The AstroStat Slog » spectrum

Redistribution

vlk — Sat, 01 Nov 2008 16:41:48 +0000

RMF. It is a wørd to strike terror even into the hearts of the intrepid. It refers to the spread in the measured energy of an incoming photon, and even astronomers often stumble over what it is and what it contains. It essentially sets down the measurement error for registering the energy of a photon in the given instrument.

Thankfully, its usage is robustly built into analysis software such as Sherpa or XSPEC and most people don’t have to deal with the nitty gritty on a daily basis. But given the profusion of statistical software being written for astronomers, it is perhaps useful to go over what it means.

The Redistribution Matrix File (RMF) is, at its most basic, a description of how the detector responds to incoming photons. It describes the transformation from the photons that are impinging on the detector to the counts that are recorded by the instrument electronics.
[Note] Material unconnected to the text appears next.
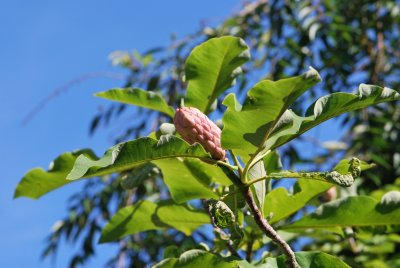 Magnolia tripetala - šácholan tříplátečný - plod (šách) a listy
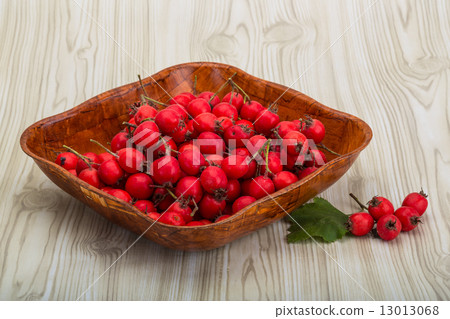 Hawthorn Hawthorn 13013068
Ideally, one would want there to be a one-to-one mapping between the photon’s incoming energy and the recorded energy, but in the real world detectors are not ideal. The process of measuring the energy introduces a measurement error, which is encoded as the probability that incoming photons at energy E are read out in detector channels i. Thus, for each energy E, there results an array of probabilities p(i|E) such that the observed counts in channel i,
$$c_i|d_E \sim {\rm Poisson}(p(i|E) \cdot d_E) \,,$$
where d_E is the expected counts at energy E, and is the product of the source flux at the telescope and the effective area of the telescope+detector combination. Equivalently, the expected counts in channel i,
$${\rm E}(c_i|d_E) = p(i|E) \cdot d_E \,.$$

The full format of how the arrays p(i|E) are stored in files is described in a HEASARC memo, CAL/GEN/92-002a. Briefly, it is a FITS file with two tables, of which only the first one really matters. This first table (“SPECRESP MATRIX”) contains the energy grid boundaries {E_j; j=1..N_E} where each entry j corresponds to one set of p(i|E_j). The arrays themselves are stored in compressed form, as the smallest possible array that excludes all the zeros. An ideal detector, where $$p(i|E_j) \equiv \delta_{ij}$$ would be compressed to a matrix of size N_E × 1. The FITS extension also contains additional arrays to help uncompress the matrix, such as the index of the first non-zero element and the number of non-zero elements for each p(i|E_j).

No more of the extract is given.